If you have walked into a church and felt judged and alone and you hated it and left, I am sorry. This is not how all churches are and that is a poor example of a Christian church family. Remember when you were 15 and you had that boyfriend that was so awesome and then one day he disappointed you and you decided you hated him forever? Well you didn't stop looking for a better one. That one had its own issues and wasn't for you but that doesn't mean there isn't the perfect one out there for you.

So for those of you that so freely judge church goers that make the decision to give their lives to the Lord and become Christians but don't act like it in every aspects of their lives I say, "Shame on you."


We all need grace and forgiveness which is where the source of our thirst comes from. We need to fall to our knees and say, if there is anything out there greater than me, then please help me. I am a liar, a cheater, a judge of others, an addict. I don't know how to stop.


I often behave in a way that disagrees with my beliefs and with things church is trying to teach me, so I keep learning. I keep going back. I give myself a break and remember that I am not perfect but I am trying. You just have to try.


To  that  old man in your neighborhood that yells at the kids to stay off his driveway but attends church each Sunday or your uncle that was addicted to drugs for years and wasn't there for his kids and now attends church on Sunday or to you whoever  you are out there and wherever you are in your spiritual journey just know you a probably a hypocrite because people can't see you today, how you are NOW and people can't see how hard you are trying. Plus some  people have a hard time letting go of their miserable company so you have to be okay with being called names or its going to cripple your relationship with the Lord.


Because what people can't see is what they don't know. They don't know that the old man in your neighborhood lost his son and never recovered. He never asked for help or grieved and when his wife died soon after he became bitter and angry and he is trying to do better now. You don't know that your uncle has an enormous guilt ghost from his younger years that follows him each day and tells him what a screw up he was and how many lives he has messed up and that he will never be enough. So he goes to church to try and repent for a little bit of his shame.


You are NEVER going to live the life of a perfect Christian and you will never keep people from calling you names. But what you have to know is that God doesn't care about any of that. He only cares about YOUR heart.


 I think people worry too much about what others think of them. Stop doing this.

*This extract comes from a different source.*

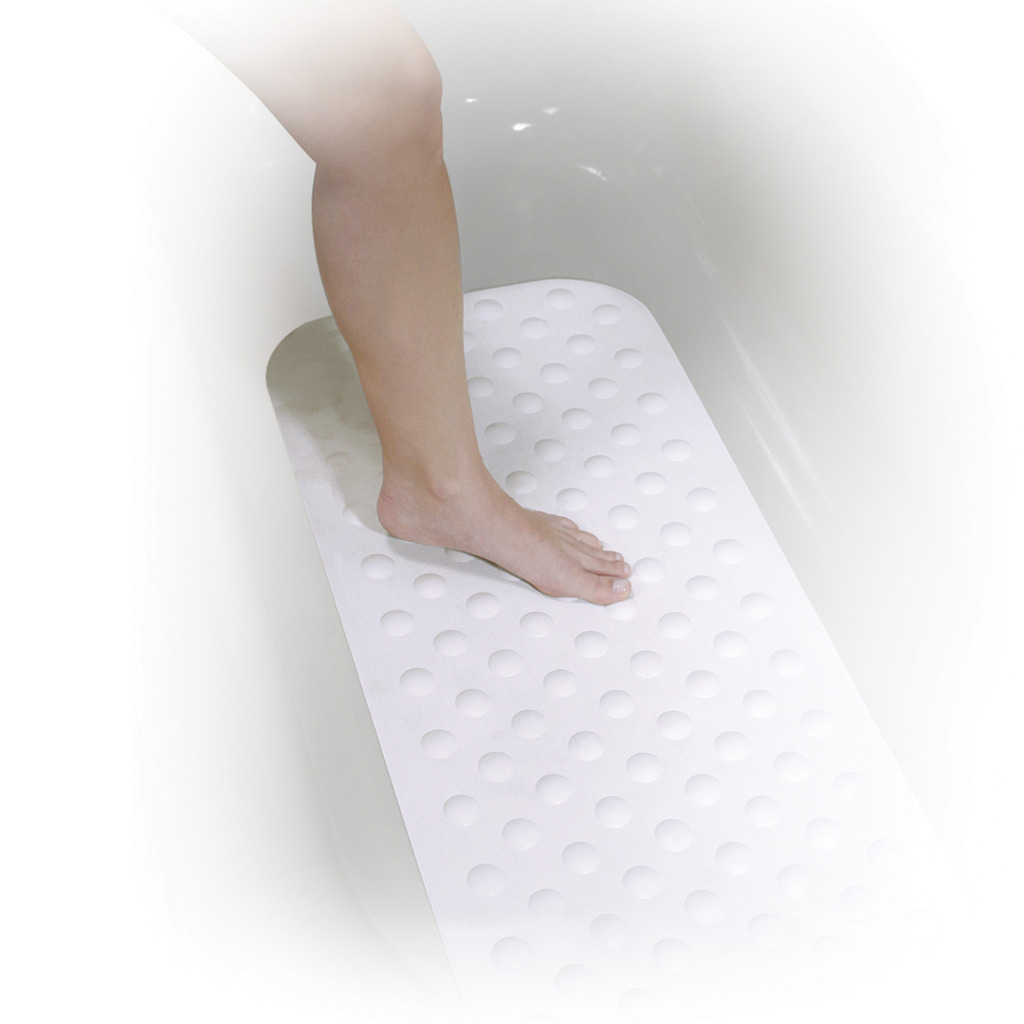Womans foot and leg entering a white bath tub and stepping on a white bath mat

  You can't sacrifice your eternal salvation and a wonderful relationship with God because you worry how others will react, treat you, say about you. Doesn't that seem so silly?

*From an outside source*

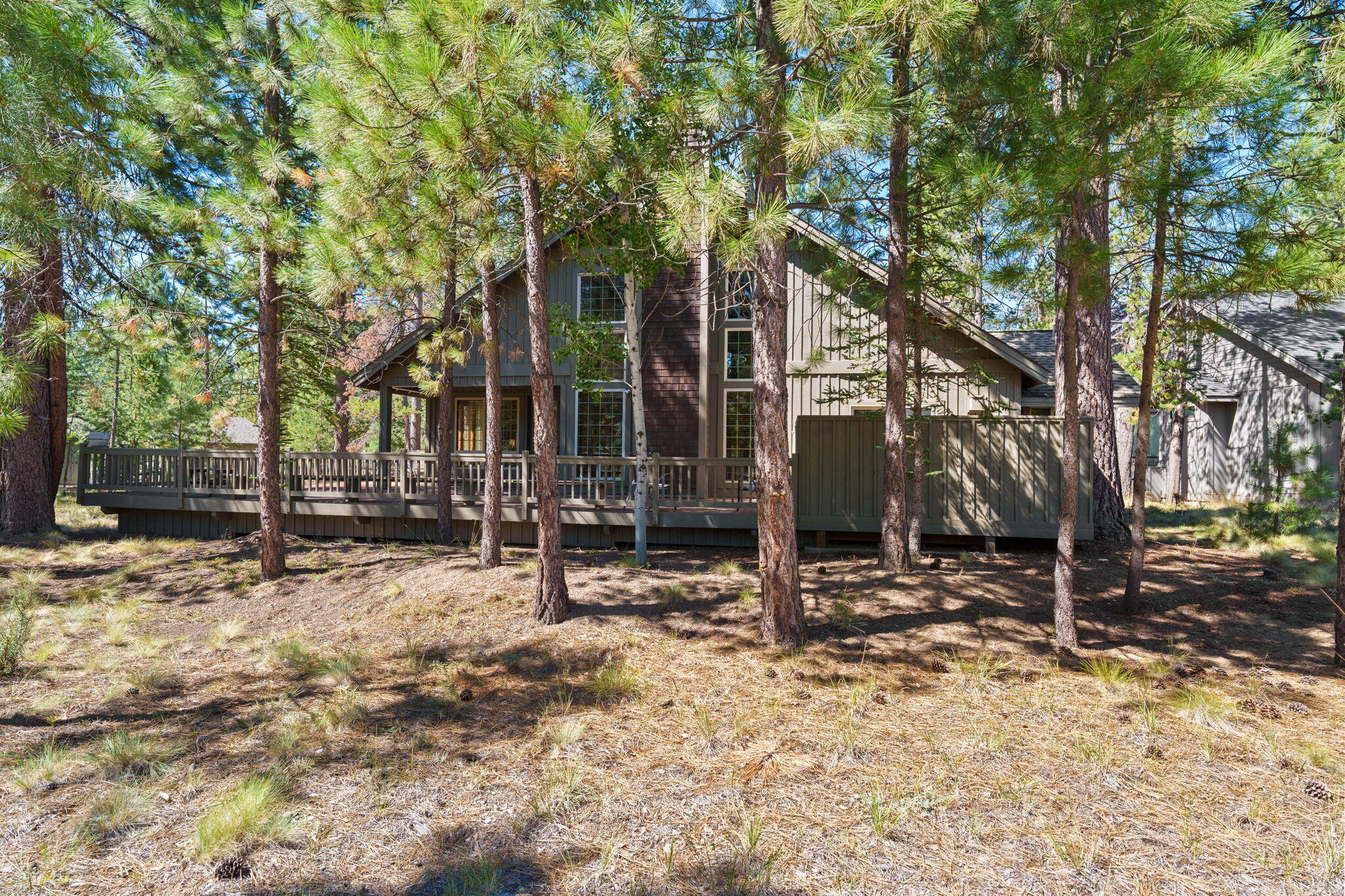 58026 Kinglet Road Sunriver, OR 97707 - Photo 33 of 39 a view of a house with snow on the ground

For those of you that feel you don't need God and you don't need church, I say to you how amazing it must feel to be able to do life alone. To never be thirsty. To have your soul so filled up by whatever earthly things you have purchased that you don't need any of this. To be so perfect.


So the next time your Aunt Gladys pulls you aside at the family reunion to talk about Jesus when all you wanted to do was get some more kool-aid, sit with her and listen. Forget about the mistakes she has made and continues to make because she is trying every time she goes back on Sunday. She has witnessed first hand how trying and listening can change your soul and heal your spirit. She isn't a perfect Christian. She may not even be a very good Christian but she wants to be. And what she needs is your support and not your judgments. So  instead of cutting her off to grab a cup of Kool-Aid, listen to her and believe what she is telling you and you may find yourself enjoying a cup of the grace-orade instead.


Alison Wright is a member of  a small church of believers in Coronaca, SC. They put up with her bad jokes and loud laughter and let her teach music during VBS even though she always forgets the dance moves. She quietly sits next to Mr. Pinson three rows from the back and listens to what the preacher has to say. She has never been more hydrated.